Of those at least 15 years old, 129 (12.8%) people had a bachelor or higher degree, and 285 (28.2%) people had no formal qualifications. The median income was $24,900, compared with $31,800 nationally. The employment status of those at least 15 was that 441 (43.6%) people were employed full-time, 192 (19.0%) were part-time, and 21 (2.1%) were unemployed.

Economy

Economic activity is based around fishing, coal mining and dairy farming. Historically, gold mining was a major industry, and coal mining was much more extensive than today (especially in terms of employment numbers). However, the region still is home to New Zealand's largest opencast mining operation in Stockton. Some native forest logging occurred in the area until cessation around 1999.
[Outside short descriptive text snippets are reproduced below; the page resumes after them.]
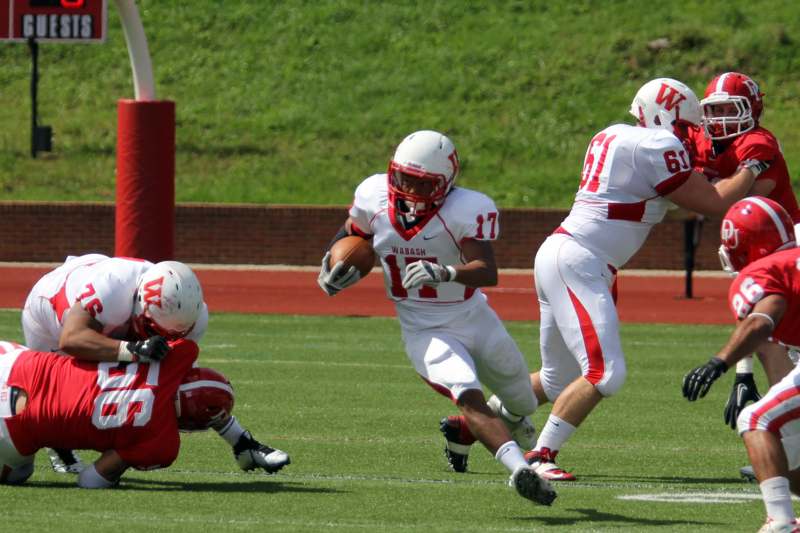 a football player running with the ball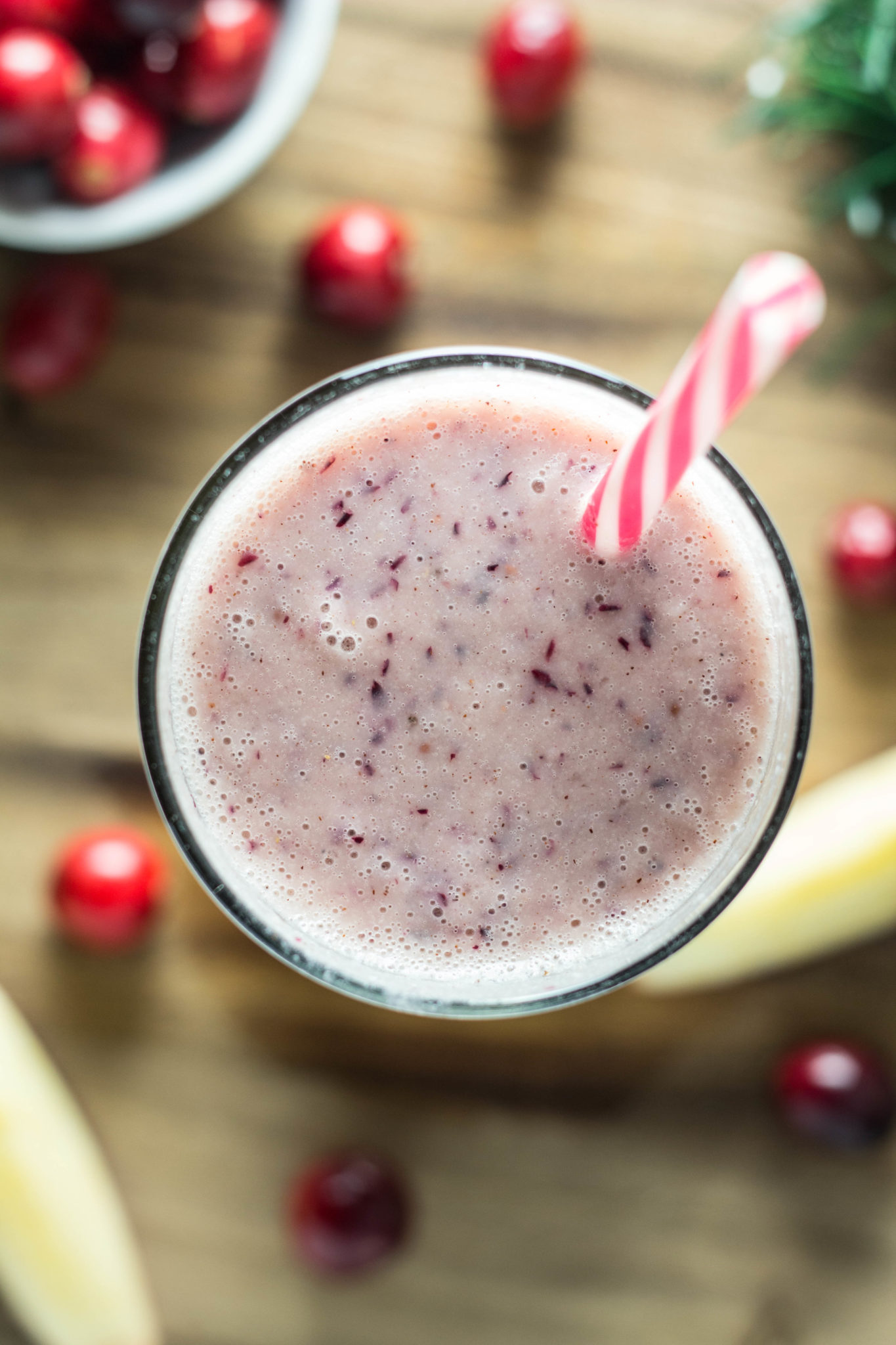 Overhead close up of shot of Cranberry Apple Smoothie in a glass with a straw. 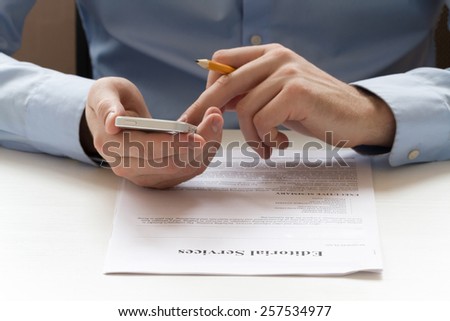 Business concept. Businessmen holding a smartphone, reading and check the documents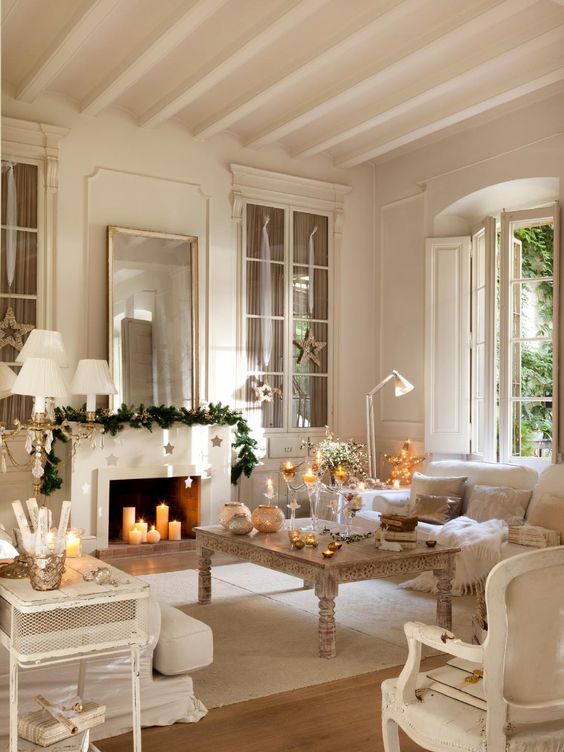 Sophisticated living room decor with fresh garland and hanging stars.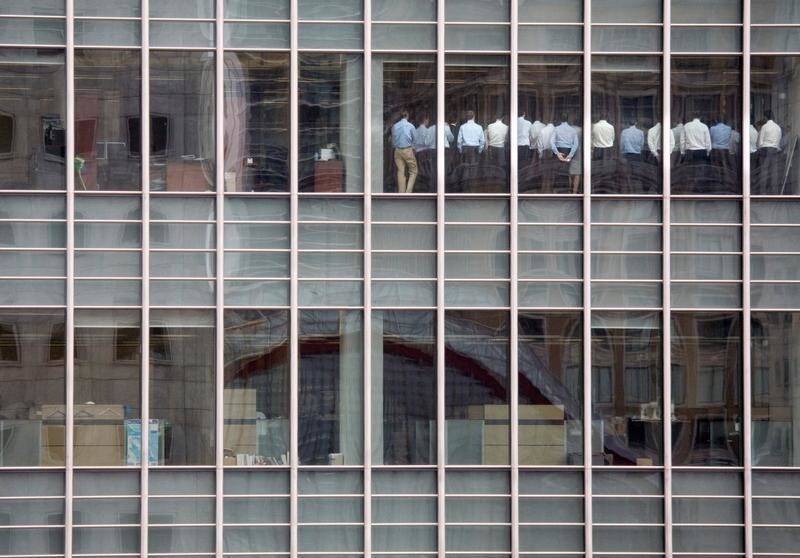 Bankers attend an emergency meeting at the London office of Lehman Brothers, in the financial district of Canary Wharf in London, Britain, September 11, 2008. The photograph caught the moment when Gwion Moore, one of those pictured in the photograph, and his colleagues were being told by bosses that things were going to be OK, despite the plummeting Lehman Brothers share price. "Senior management thought they needed to get the workforce focused again," Moore said. "The phrase was stop 'goofing around and get back to work'. I don't think anyone took the message very seriously because we went back to doing what we had been doing beforehand. No one was going to trade with us."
The Holcim company had a large cement plant in the southwest side of town until its closure on 30 June 2016.

Westport is also home to EPIC Westport an innovation hub, which houses software developers and business startups.

Media

A daily local newspaper is published in Westport, the Westport News. The Westport News building also houses coast-wide local radio station Coast FM.

Tourism

Tourist attracts in the area include Cape Foulwind, Tauranga Bay with its large fur seal colony, and fine surfing beaches.   The opening of the Old Ghost Road which runs between Lyell and Seddonville to the north of Westport has seen an explosion in the number of mountain bikers visiting the area. The Kawatiri Coastal Trail is under development between Westport, Carters Beach, Cape Foulwind, and Charleston.The Pūwaha Section of the trail from Westport to Carters Beach was the first of nine sections to be built. It was officially opened on 6 December 2020. The remaining sections are expected to be completed by June 2022.
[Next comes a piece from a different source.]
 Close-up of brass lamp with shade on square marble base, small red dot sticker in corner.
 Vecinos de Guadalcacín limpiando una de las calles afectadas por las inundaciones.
Rafting and jetboating in the Buller Gorge are popular. Westport is a base for trips to Karamea and the Oparara Basin Arches with the only road access to the area running north from Westport. Paparoa National Park is also located nearby.

Transport

Westport is served by State Highway 67, and the 8.9 km spur State Highway 67A to Carters Beach and Cape Foulwind which terminates at the former Holcim cement plant location.

The Holcim company managed the day-to-day operations of Westport's port until ceasing operations in the district, using it to ship their cement product to market, for example to the Port of Onehunga in Auckland.
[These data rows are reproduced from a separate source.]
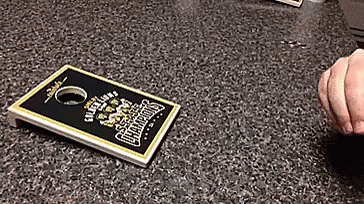 A Person Is Playing A Game Of Cornhole On A Counter Top GIF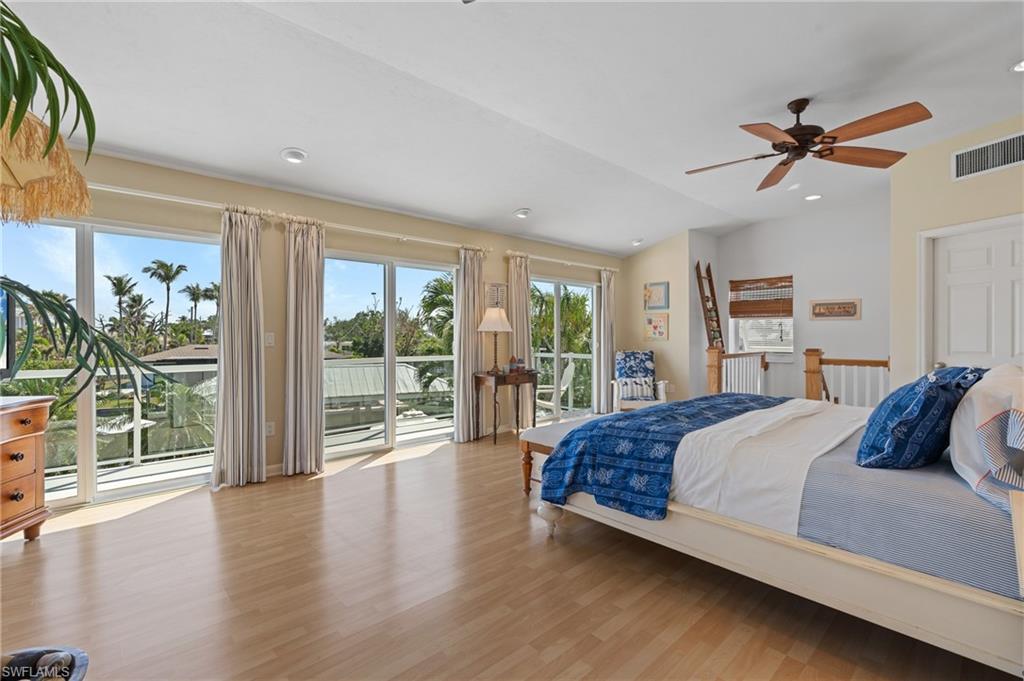 Bedroom featuring vaulted ceiling, access to exterior, and light wood look tile floors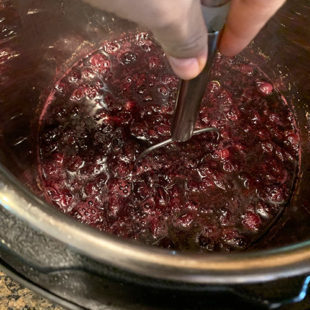 blueberries being mashed with a potato masher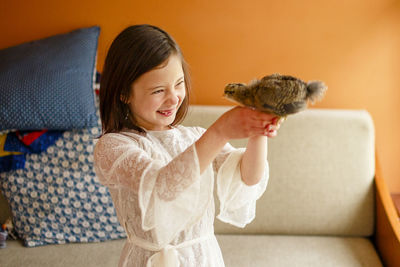 A joyful child holds a baby bird up close to her face to study it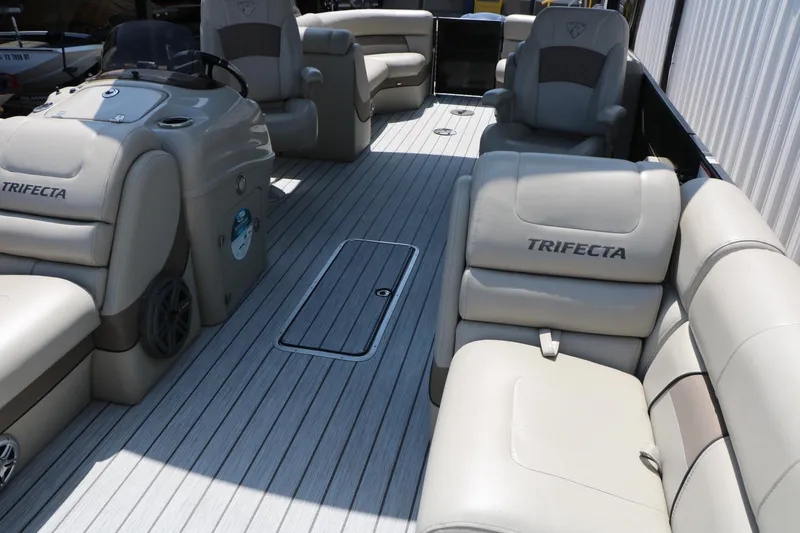 Slide: The Image of 2019 Trifecta 23RF SS Arch pontoon boat interior with beige seating and sleek design. - 19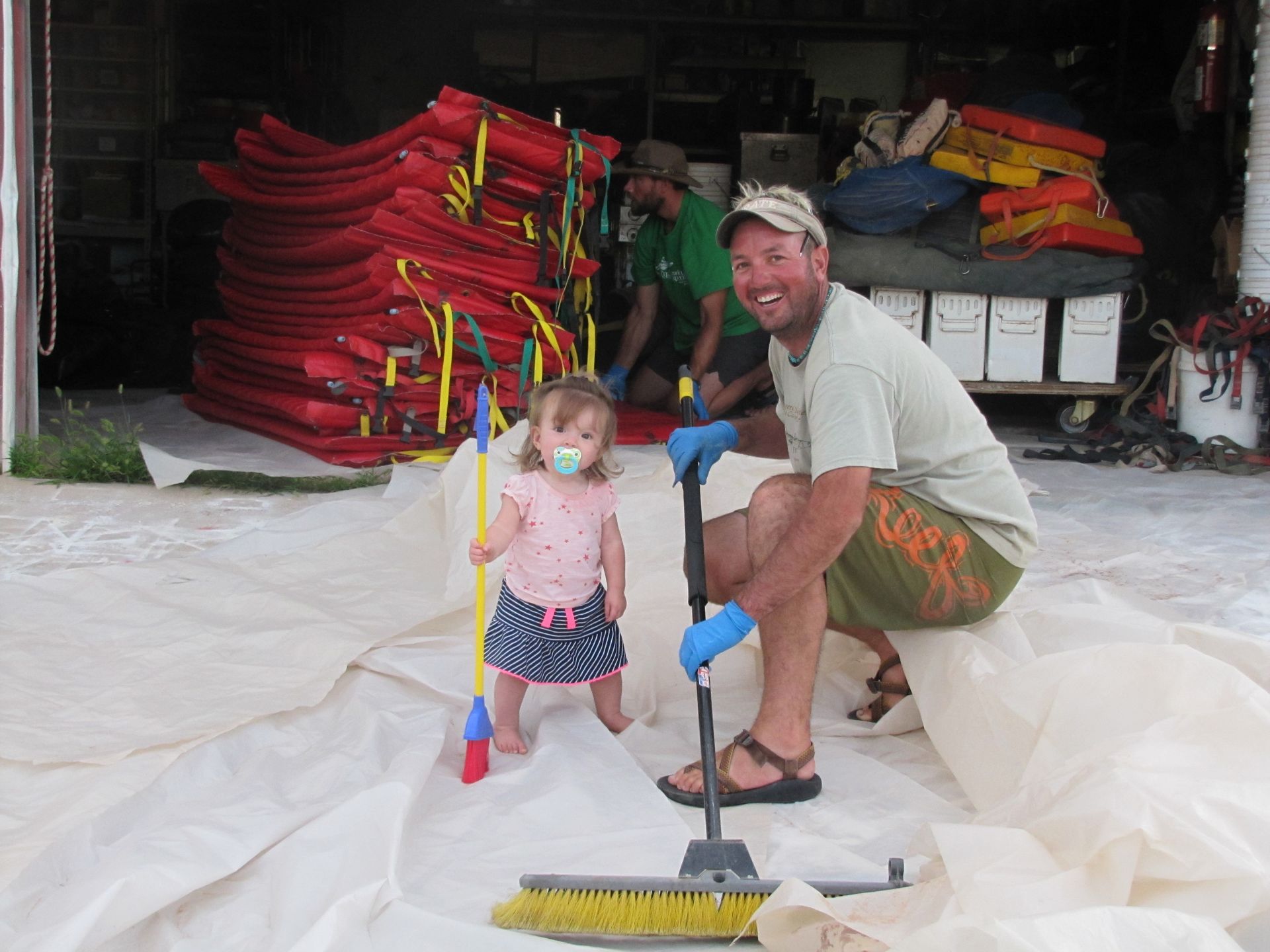 Man and toddler with pacifier on tarp, cleaning with brooms, red rafts in background.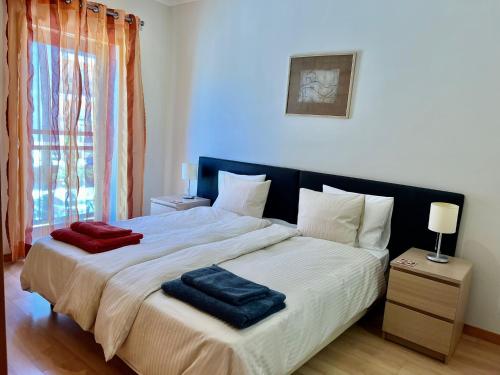 ein Schlafzimmer mit einem großen Bett mit zwei Handtüchern darauf in der Unterkunft Olhão Marina Village in Olhão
The first railway of the area in 1864 ran from Westport  to the coal fields, most of them north of town. The first section of railway from Westport to Fairdown via Sergeants Hill opened on 31 December 1875; this line ultimately reached Seddonville in 1895 and was known as the Seddonville Branch. From this beginning, an isolated network of branch lines was developed: a Westport-Inangahua branch line of about 12 miles (19 km) was authorised by the Railways Authorisation Act, 1904. But the lines were not linked to the national network until the completion of the Stillwater–Westport Line through the Buller Gorge in 1942.

Westport Airport is a small airport. It was formerly served twice daily on weekdays and daily in the weekend by Air New Zealand from Wellington, and prior to that, flights to Christchurch and Hokitika were also operated. The Air New Zealand service from Wellington service ceased in April 2015 and its place was taken by Sounds Air.

Facilities

The town used to have one cinema/theatre, the St James Theatre, able to seat 424 patrons for film screenings, theatre productions or other activities. After being found structurally unsound, the theatre had to be demolished. A new theatre has since opened. The NBS theatre has two movie theatres, one which seats 55 people and a boutique theatre that seats approximately 20 people. This theatre also has a large facility with seating for approximately 370 people and a stage for performing.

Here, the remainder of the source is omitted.